Generates pytrec_eval qrels and runs from given batch.

Example usage:

>>> import json
>>> import torch
>>> import pytrec_eval
>>> from pytorchltr.evaluation.trec import generate_pytrec_eval
>>> scores = torch.tensor([[1.0, 0.0, 1.5], [1.5, 0.2, 0.5]])
>>> relevance = torch.tensor([[0, 1, 0], [0, 1, 1]])
>>> n = torch.tensor([3, 3])
>>> qrel, run = generate_pytrec_eval(scores, relevance, n)
>>> evaluator = pytrec_eval.RelevanceEvaluator(qrel, {'map', 'ndcg'})
>>> print(json.dumps(evaluator.evaluate(run), indent=1))
{
 "q0": {
  "map": 0.3333333333333333,
  "ndcg": 0.5
 },
 "q1": {
  "map": 0.5833333333333333,
  "ndcg": 0.6934264036172708
 }
}
Parameters
  • scores (FloatTensor) – A FloatTensor of size (batch_size, list_size) indicating the scores of each document.

  • relevance (LongTensor) – A LongTensor of size (batch_size, list_size) indicating the relevance of each document.

  • n (LongTensor) – A LongTensor of size (batch_size) indicating the number of docs per query.

  • qids (Optional[LongTensor]) – A LongTensor of size (batch_size) indicating the qid of each query.

  • qid_offset (int) – An offset to increment all qids in this batch with. Only used if qids is None.

  • q_prefix (str) – A string prefix to add for query identifiers.
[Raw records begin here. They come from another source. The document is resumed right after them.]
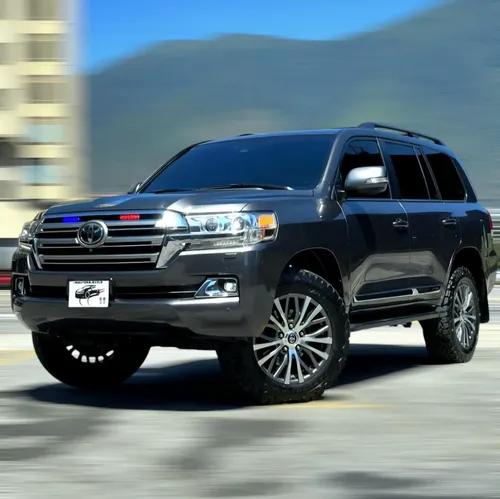 Toyota Land Cruiser 200 2017 Gris Caracas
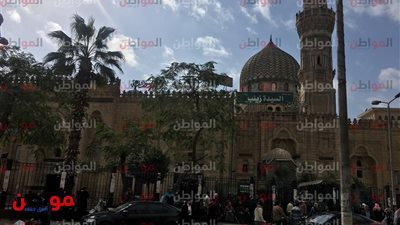 صور| الشمس طالعة والجو دافي .. أجواء صلاة الجمعة اليوم بالسيدة زينب
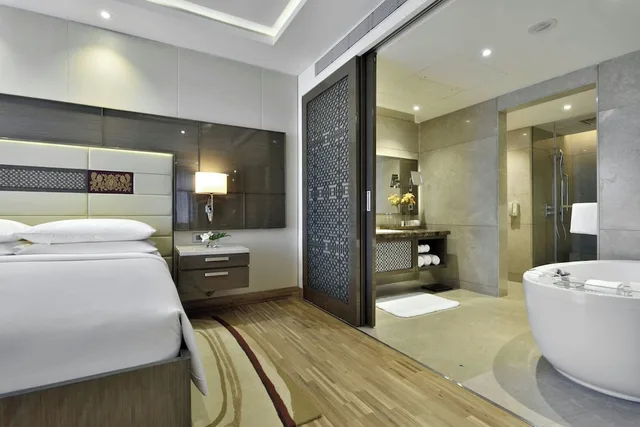 غرفة تنفيذية بسرير كينج بإطلالة على المسبح، Jw Marriott Hotel Mumbai Sahar 6/7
  • d_prefix (str) – A string prefix to add for doc identifiers.

Return type

Tuple[Dict[str, Dict[str, int]], Dict[str, Dict[str, float]]]

Returns

A tuple containing a qrel dict and a run dict.

References

JSS17

Thorsten Joachims, Adith Swaminathan, and Tobias Schnabel. Unbiased learning-to-rank with biased feedback. In Proceedings of the Tenth ACM International Conference on Web Search and Data Mining, WSDM ’17, 781–789. New York, NY, USA, 2017. Association for Computing Machinery. doi:10.1145/3018661.3018699.

JK02

Kalervo Järvelin and Jaana Kekäläinen. Cumulated gain-based evaluation of ir techniques. ACM Trans. Inf. Syst., 20(4):422–446, October 2002. doi:10.1145/582415.582418.

VR18

Christophe Van Gysel and Maarten de Rijke. Pytrec_eval: an extremely fast python interface to trec_eval. In The 41st International ACM SIGIR Conference on Research & Development in Information Retrieval, SIGIR ’18, 873–876. New York, NY, USA, 2018. Association for Computing Machinery. doi:10.1145/3209978.3210065.